Mengmeng Li is a Ph.D. candidate at the College of Management of Technology at EPFL, advised by Prof. Daniel Kuhn. She holds an M.Sc. in Mathematics from EPFL and a B.Sc. in Honors Mathematics from NYU (Shanghai & New York). Her research focuses on developing statistically and computationally efficient methods for data-driven sequential decision-making, with applications in operations management, business analytics, and sustainability.
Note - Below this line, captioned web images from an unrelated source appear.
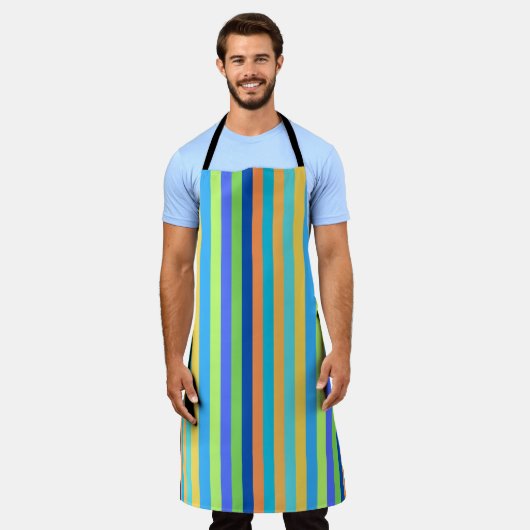  Klassieke blauwe en Oranje regenboogstrips Schort (Gedragen)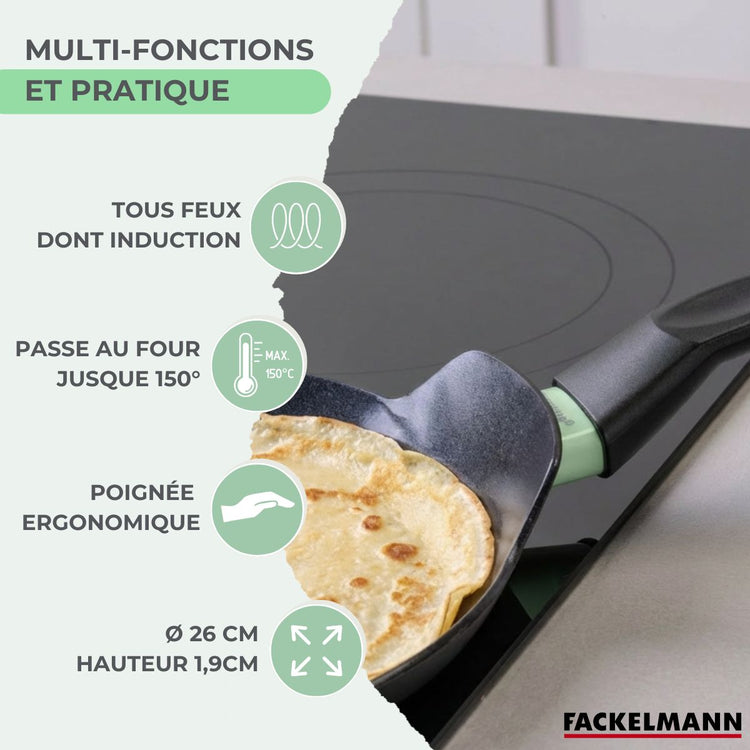 Set de 1 poêle de cuisson 26 cm en aluminium avec 3 ustensiles de cuisine Fackelmann Brandao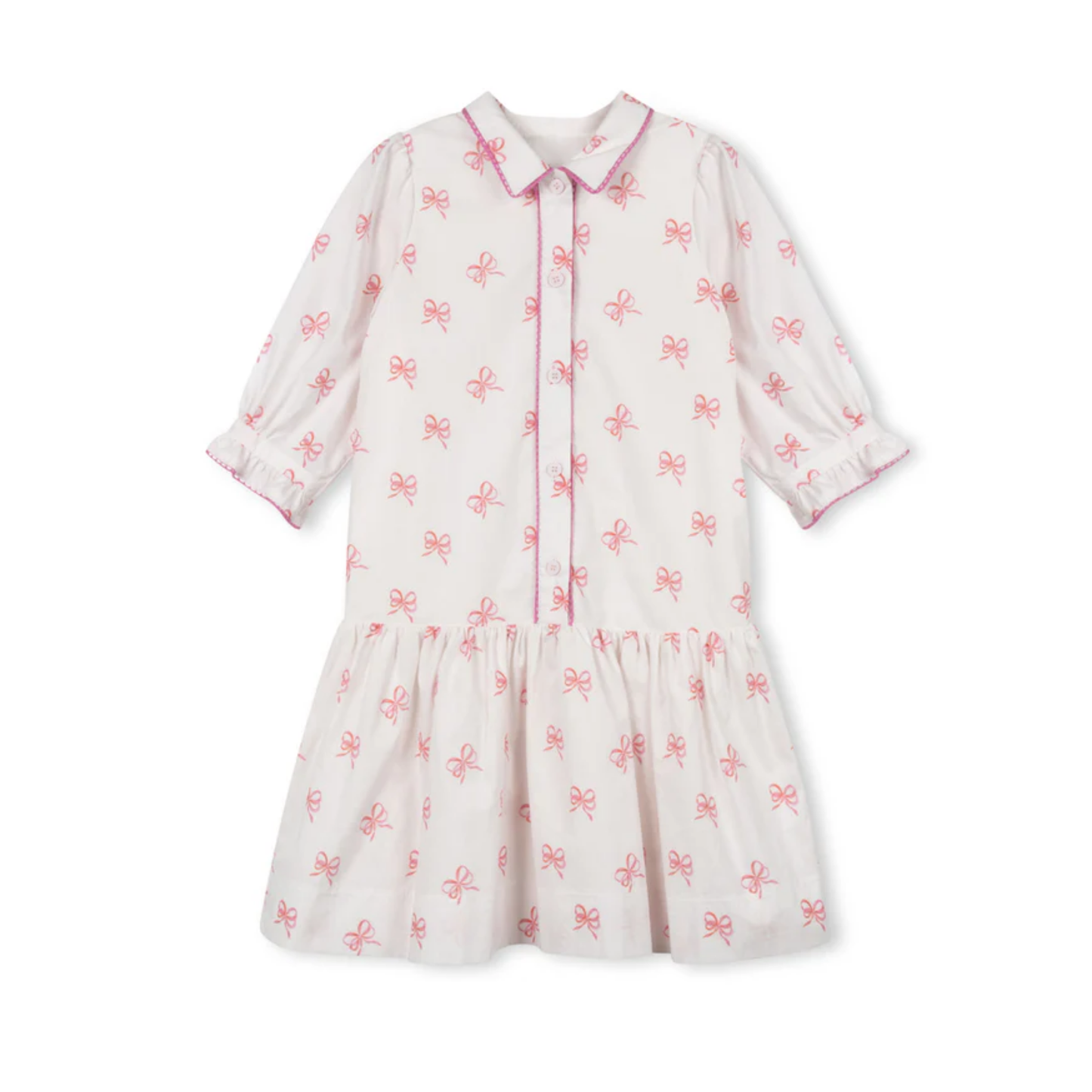 One Child Pink Bow Printed Bottom Tier Dress
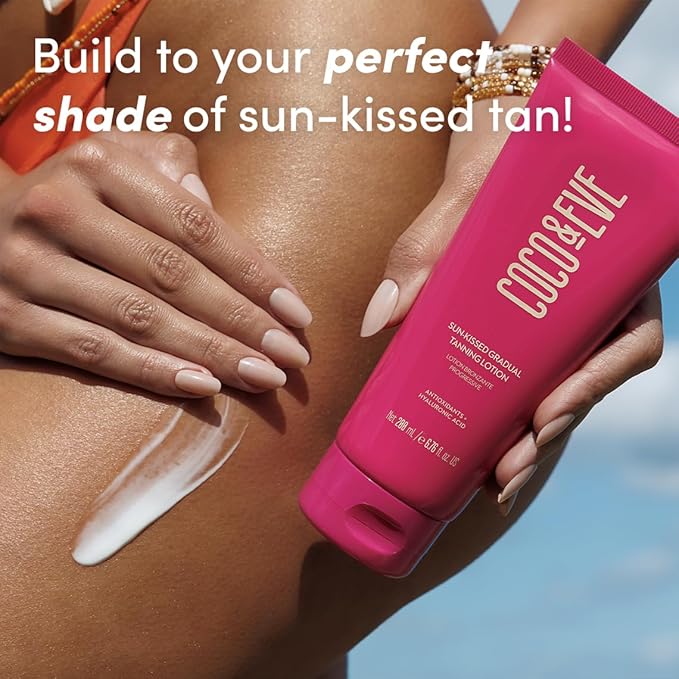 Coco & Eve Sun-kissed Gradual Tanning Lotion - Natural Sunless Moisturizing Tanner with 72H Hydration & Streak-Free, Buildable Glow. Skincare-Infused with Antioxidants and Hyaluronic Acid (6.76 fl oz)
More information is available on her personal webpage: https://thatmengmengli.github.io/.


Date:
Friday, 6 March 2026
Time:
10:00 am - 11:30 am
Venue:
NUS Business School
Mochtar Riady Building BIZ1 0204
15 Kent Ridge Drive
Singapore 119245 (Map)

Abstract

We study offline reinforcement learning problems with a long-run average reward objective. The state-action pairs generated by any fixed behavioral policy thus follow a Markov chain, and the empirical state-action-next-state distribution satisfies a large deviations principle. We use the rate function of this large deviations principle to construct an uncertainty set for the unknown true state-action-next-state distribution. We also construct a distribution shift transformation that maps any distribution in this uncertainty set to a state-action-next-state distribution of the Markov chain generated by a fixed evaluation policy, which may differ from the unknown behavioral policy. We prove that the worst-case average reward of the evaluation policy with respect to all distributions in the shifted uncertainty set provides, in a rigorous statistical sense, the least conservative estimator for the average reward under the unknown true distribution. This guarantee is available even if one has only access to one single trajectory of serially correlated state-action pairs. The emerging robust optimization problem can be viewed as a robust Markov decision process with a non-rectangular uncertainty set. We adapt an efficient policy gradient algorithm to solve this problem. Numerical experiments show that our methods compare favorably against state-of-the-art methods.